A boat cover is like a zinc anode, it's intended to absorb the damage and fall apart first,
to extend the usable lifespan and appearance of your boat. A name brand cover that fits
your hull length, width and platform height is where to start looking. Custom fit covers
can be fabricated at any custom canvas shop, cost is directly related to the complexity
of the fit and the amount of fabric needed. Personally, I think the best cover is a garage.

further reading

http://www.trailerboats.com/output.cfm?id=2706661


Remember...the middle has to be kept higher than the sides to prevent ponding.
Seen quite a few covers split due to excess water puddling atop the cover.


----------



## Reel_Karma (Feb 7, 2010)

Thanks...no garage , hence the cover question.
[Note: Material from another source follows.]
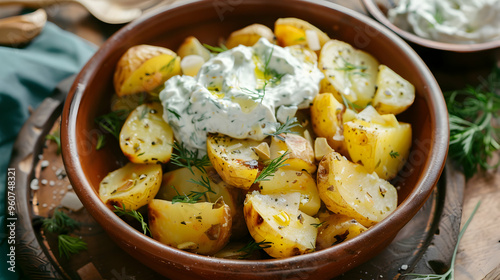 Greek Style Lemon Potatoes With Tzatziki. photo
Just figured someone was covering their SUV.


----------



## DuckNut (Apr 3, 2009)

I use my trees as a cover.


----------



## little_jimmy_cook (Dec 14, 2012)

I do not have nor do I endorse. I thought about this one though.


http://www.savvyboater.com/store/p/20833-Carver-Cover-for-Narrow-Flats-Boat-O-B-17-X-85-.aspx





> Going to need a boat cover in the near future.  Recommendations for a  SUV 17 with platform?


----------



## Mega (Dec 21, 2012)

I used a blue "poly tarp" from Home Depot for may years. Usually replaced once a year or so.

They are cheap. I'm sure northern or harbor freight has them cheaper.

I have tried heavier gave tarps in different colors with same result, in case blue is too gaudy.

I have a shade canopy now, but I also still use the poly tarp.


----------



## Les_Lammers (Feb 17, 2007)

I use a cover from Bass Pro...about $80. Waterproof breathable and they last about three years.


----------



## blittle (Jun 3, 2012)

Check out the one I bought for my skiff. So far so good. 

http://www.microskiff.com/cgi-bin/yabb2/YaBB.pl?num=1345433649/45


----------



## flyfishtyler (Apr 18, 2013)

@little, So where did you buy that cover? I'm looking for one for my Mitzi 15. I don't have garage but I have a ton of trees that love to fill my skiff with leaves daily.


----------